Repeat only the stretch of lines below that runs from the line with "The Fam Bag" through the line with "Foto Silver Cloud2", unaltered.

---------------

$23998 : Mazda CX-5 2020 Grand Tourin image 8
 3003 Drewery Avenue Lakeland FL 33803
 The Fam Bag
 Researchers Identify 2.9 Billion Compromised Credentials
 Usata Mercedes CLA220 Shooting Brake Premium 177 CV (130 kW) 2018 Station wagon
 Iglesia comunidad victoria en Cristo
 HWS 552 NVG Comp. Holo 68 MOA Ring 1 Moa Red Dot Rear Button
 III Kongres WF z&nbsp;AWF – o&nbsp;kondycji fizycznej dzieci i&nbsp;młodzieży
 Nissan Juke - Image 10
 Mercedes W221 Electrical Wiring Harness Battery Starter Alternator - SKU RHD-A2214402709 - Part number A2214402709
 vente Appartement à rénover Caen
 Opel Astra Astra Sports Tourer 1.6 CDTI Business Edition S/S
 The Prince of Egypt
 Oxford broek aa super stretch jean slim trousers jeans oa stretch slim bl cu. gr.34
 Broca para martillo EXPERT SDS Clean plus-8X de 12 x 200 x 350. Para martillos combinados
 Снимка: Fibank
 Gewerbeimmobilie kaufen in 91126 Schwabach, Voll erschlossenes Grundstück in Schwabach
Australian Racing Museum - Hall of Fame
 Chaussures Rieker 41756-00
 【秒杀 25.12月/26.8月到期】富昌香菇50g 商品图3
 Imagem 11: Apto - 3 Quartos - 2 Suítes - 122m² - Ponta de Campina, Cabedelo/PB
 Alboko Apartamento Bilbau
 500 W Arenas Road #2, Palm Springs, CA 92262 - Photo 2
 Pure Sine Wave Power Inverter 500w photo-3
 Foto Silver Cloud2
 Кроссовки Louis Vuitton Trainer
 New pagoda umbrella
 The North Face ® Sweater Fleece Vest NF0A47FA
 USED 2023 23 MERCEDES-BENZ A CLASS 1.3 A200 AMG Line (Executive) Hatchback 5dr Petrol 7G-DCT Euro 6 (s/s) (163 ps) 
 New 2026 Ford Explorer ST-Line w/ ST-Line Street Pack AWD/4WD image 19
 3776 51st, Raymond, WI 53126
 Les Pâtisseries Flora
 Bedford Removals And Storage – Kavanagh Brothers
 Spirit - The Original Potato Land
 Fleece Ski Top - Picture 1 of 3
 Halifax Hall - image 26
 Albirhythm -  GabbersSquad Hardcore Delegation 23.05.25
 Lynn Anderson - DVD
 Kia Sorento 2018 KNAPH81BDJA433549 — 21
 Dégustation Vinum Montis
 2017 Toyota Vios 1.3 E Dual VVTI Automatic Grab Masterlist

---------------

**RESULT BELOW**
 The Fam Bag
 Researchers Identify 2.9 Billion Compromised Credentials
 Usata Mercedes CLA220 Shooting Brake Premium 177 CV (130 kW) 2018 Station wagon
 Iglesia comunidad victoria en Cristo
 HWS 552 NVG Comp. Holo 68 MOA Ring 1 Moa Red Dot Rear Button
 III Kongres WF z&nbsp;AWF – o&nbsp;kondycji fizycznej dzieci i&nbsp;młodzieży
 Nissan Juke - Image 10
 Mercedes W221 Electrical Wiring Harness Battery Starter Alternator - SKU RHD-A2214402709 - Part number A2214402709
 vente Appartement à rénover Caen
 Opel Astra Astra Sports Tourer 1.6 CDTI Business Edition S/S
 The Prince of Egypt
 Oxford broek aa super stretch jean slim trousers jeans oa stretch slim bl cu. gr.34
 Broca para martillo EXPERT SDS Clean plus-8X de 12 x 200 x 350. Para martillos combinados
 Снимка: Fibank
 Gewerbeimmobilie kaufen in 91126 Schwabach, Voll erschlossenes Grundstück in Schwabach
Australian Racing Museum - Hall of Fame
 Chaussures Rieker 41756-00
 【秒杀 25.12月/26.8月到期】富昌香菇50g 商品图3
 Imagem 11: Apto - 3 Quartos - 2 Suítes - 122m² - Ponta de Campina, Cabedelo/PB
 Alboko Apartamento Bilbau
 500 W Arenas Road #2, Palm Springs, CA 92262 - Photo 2
 Pure Sine Wave Power Inverter 500w photo-3
 Foto Silver Cloud2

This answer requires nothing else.